╭──

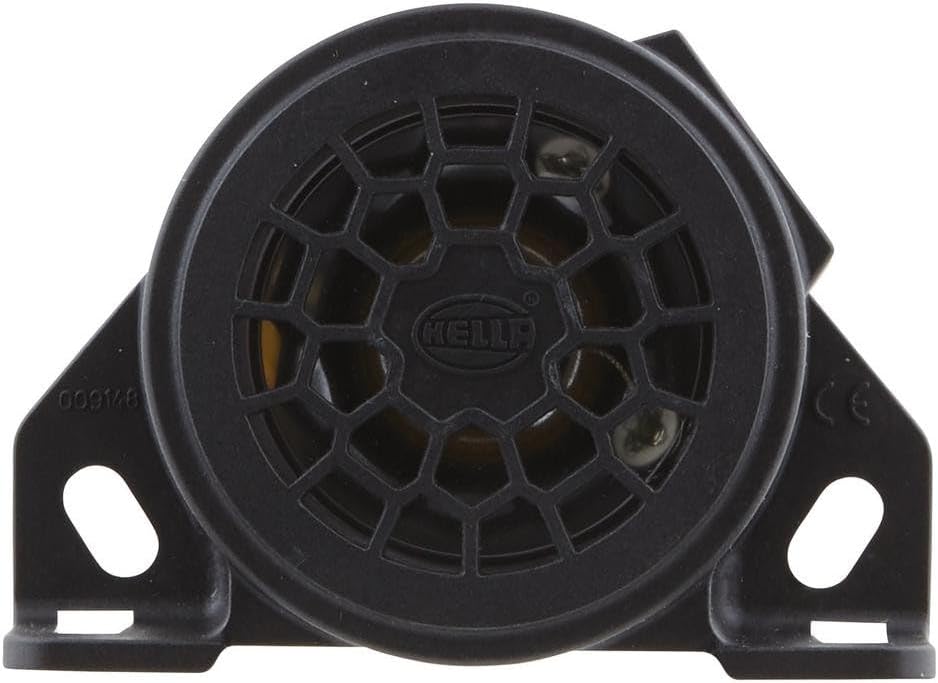 HELLA - Rückfahrwarner - 102dB(A) - Frequenzbereich: 1200Hz - geschraubt - Kabel: 410mm - Stecker: o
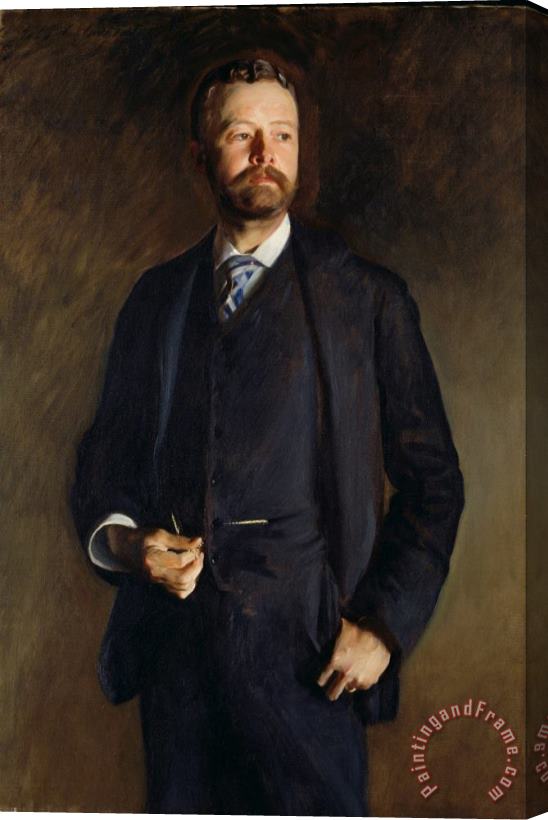 John Singer Sargent Henry Cabot Lodge Stretched Canvas Painting / Canvas Art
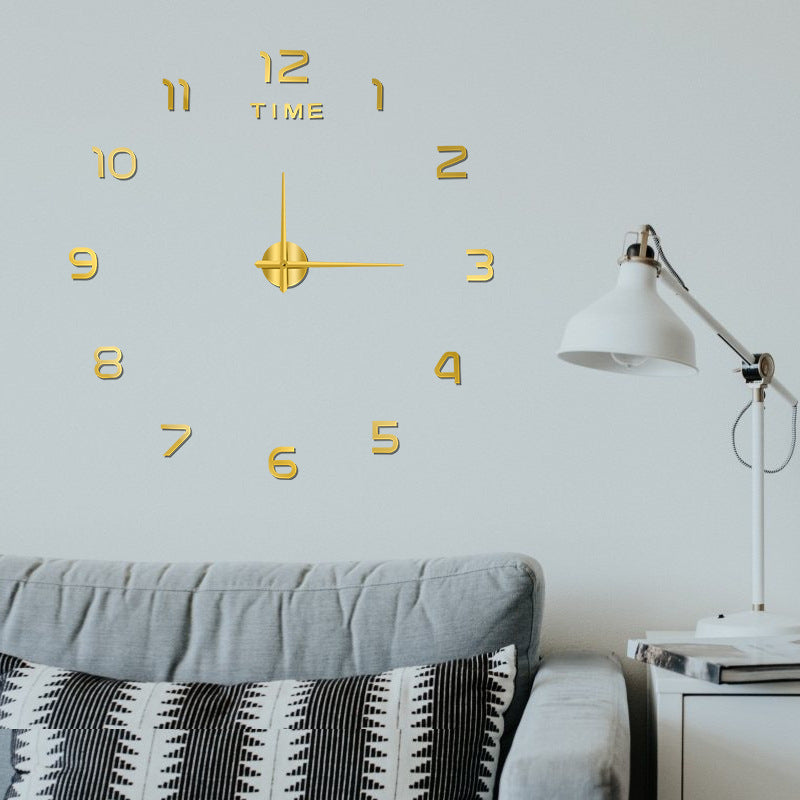 Acrylic Digital Decorative Wall Clock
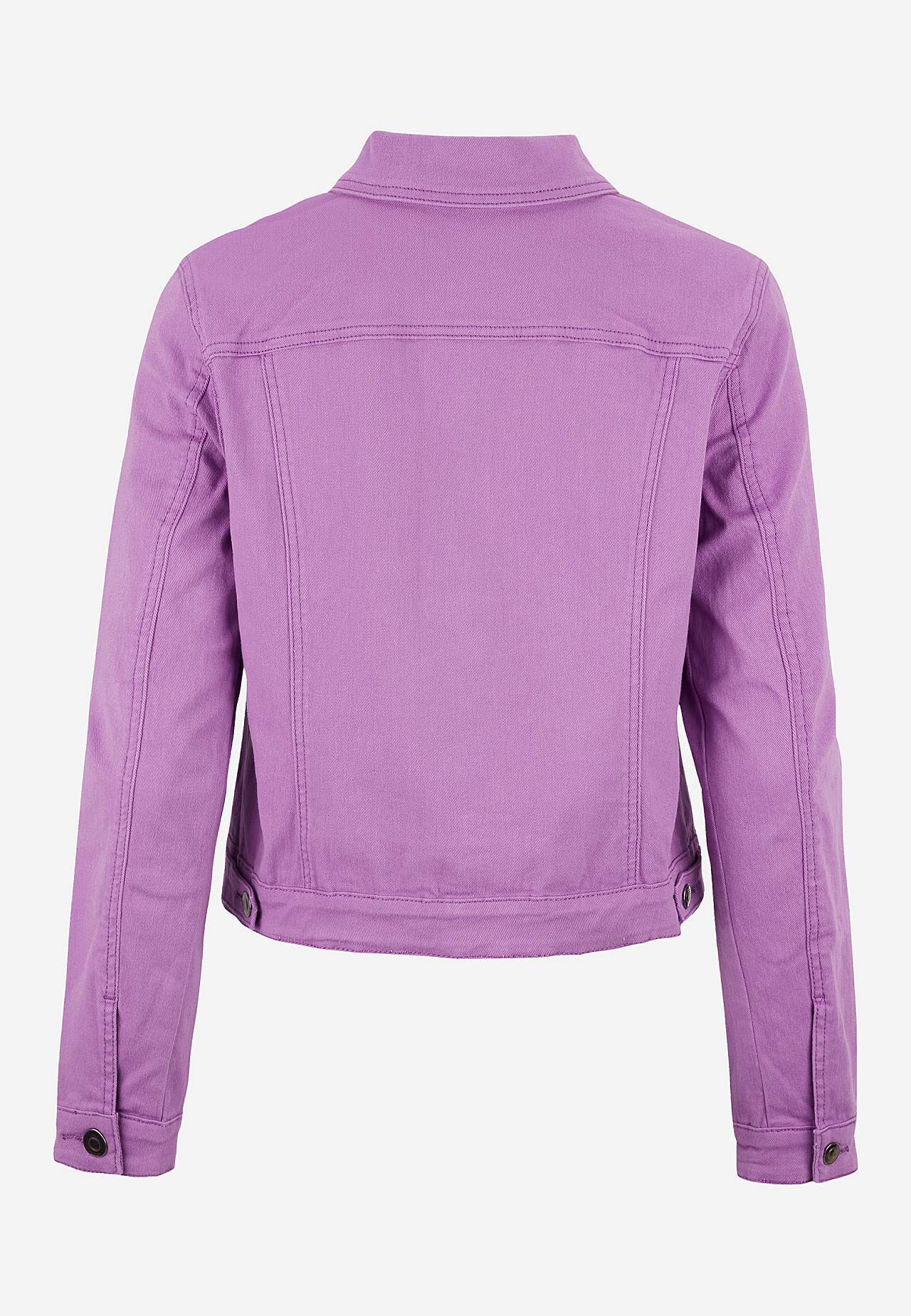 Denimjakke med stretch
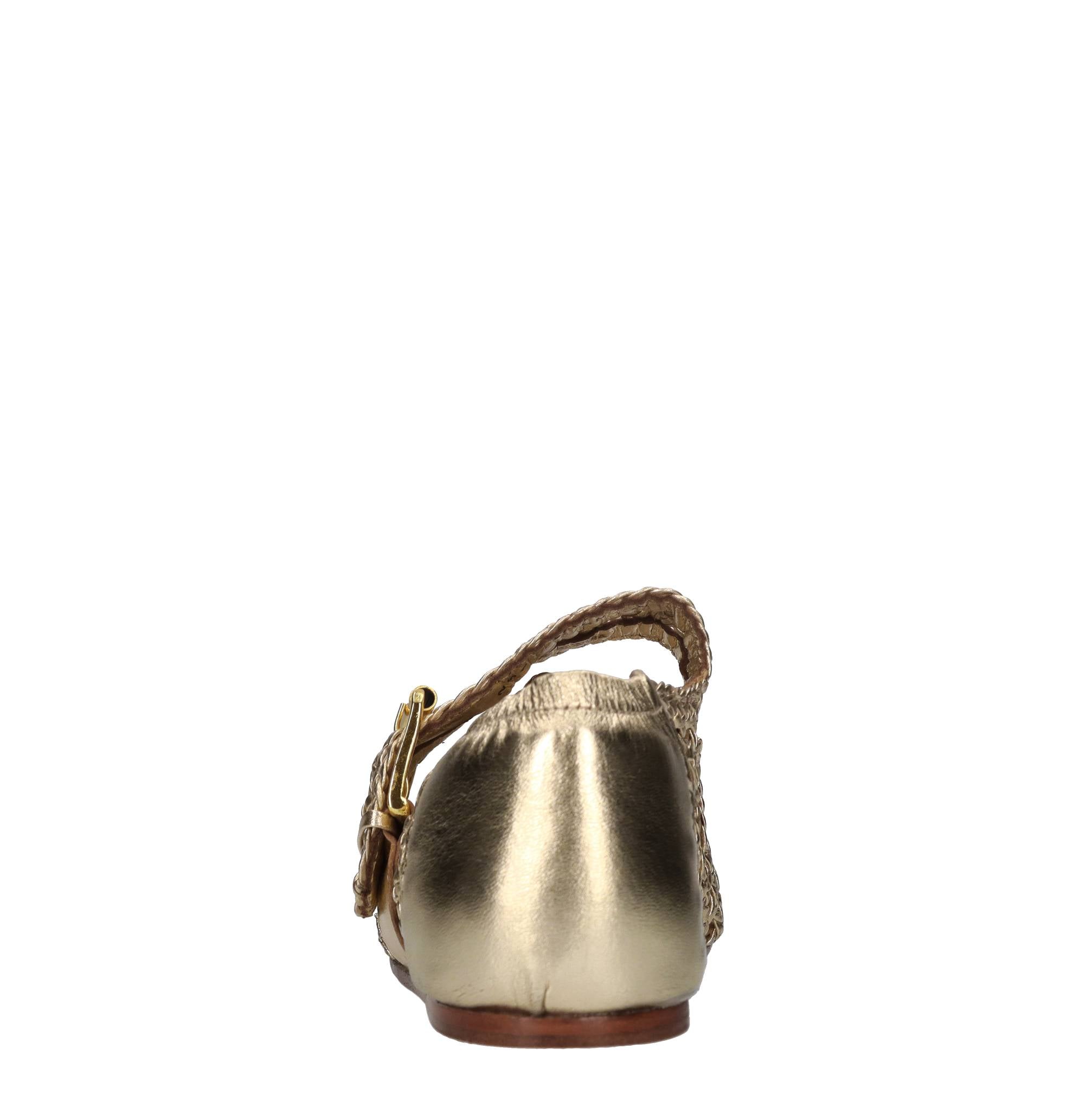 Ballerine in pelle 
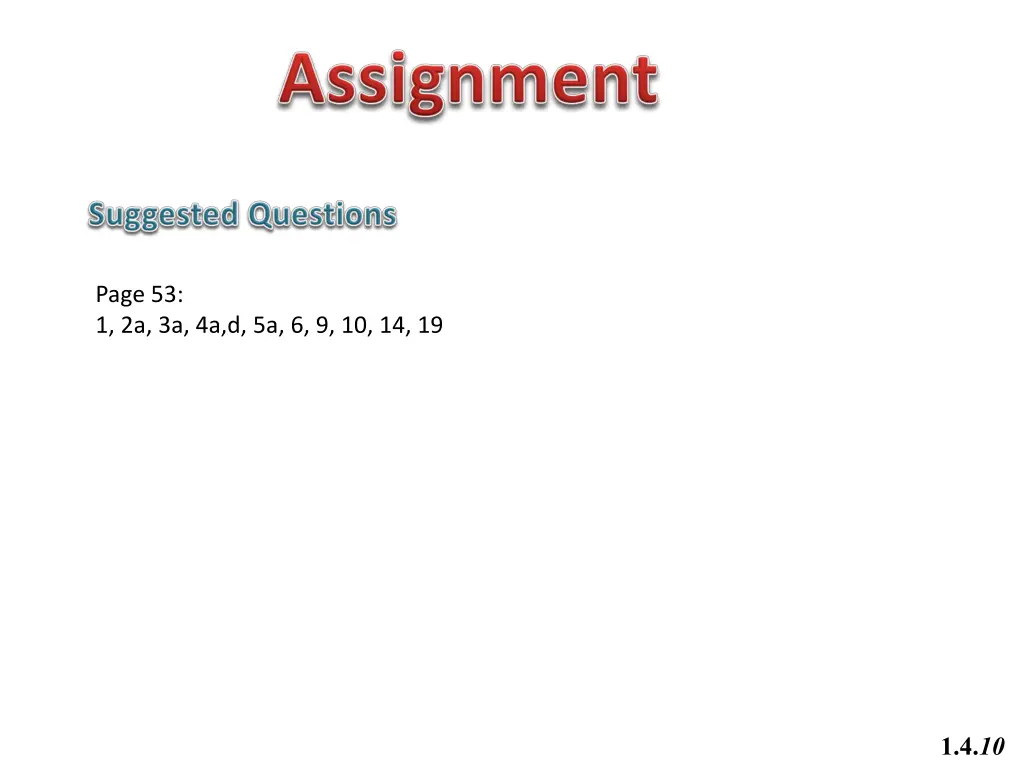 page 53 1 2a 3a 4a d 5a 6 9 10 14 19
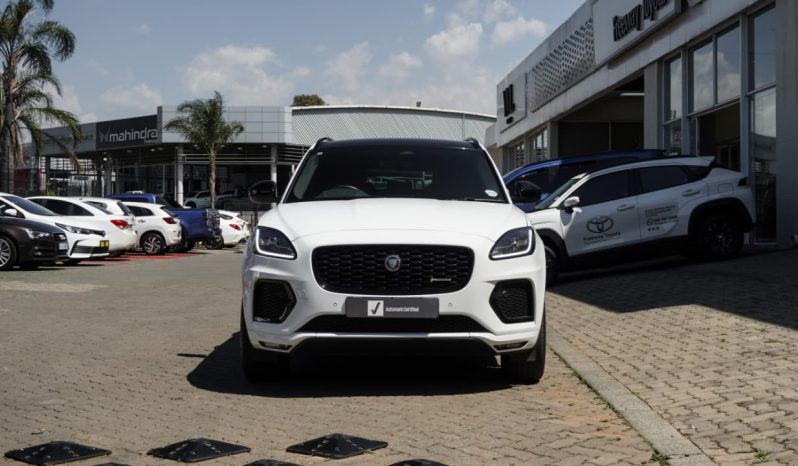 
								Jaguar E-Pace D200 AWD R-Dynamic Black full									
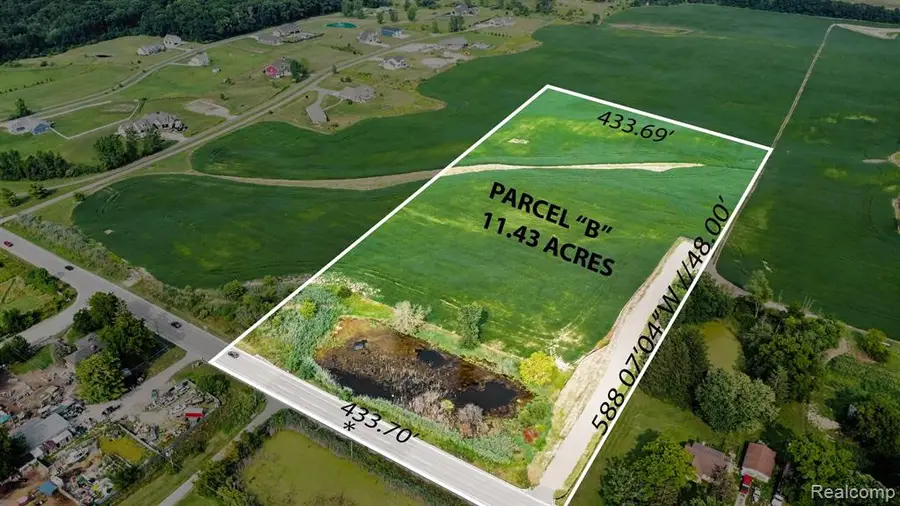 Parcel B N Hacker, Howell, MI 48843 - #3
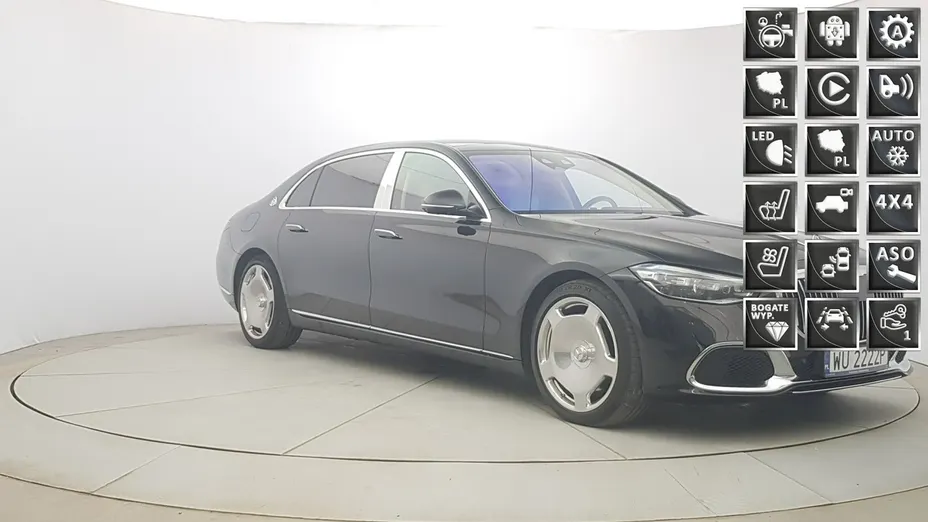 MERCEDES-BENZ Maybach Klasa S -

╰──

Reproduce every record word for word. The copy must contain no pictures.

- [Exercise result]:
 HELLA - Rückfahrwarner - 102dB(A) - Frequenzbereich: 1200Hz - geschraubt - Kabel: 410mm - Stecker: o
 John Singer Sargent Henry Cabot Lodge Stretched Canvas Painting / Canvas Art
 Acrylic Digital Decorative Wall Clock
 Denimjakke med stretch
 Ballerine in pelle 
 page 53 1 2a 3a 4a d 5a 6 9 10 14 19
								Jaguar E-Pace D200 AWD R-Dynamic Black full									
 Parcel B N Hacker, Howell, MI 48843 - #3
 MERCEDES-BENZ Maybach Klasa S -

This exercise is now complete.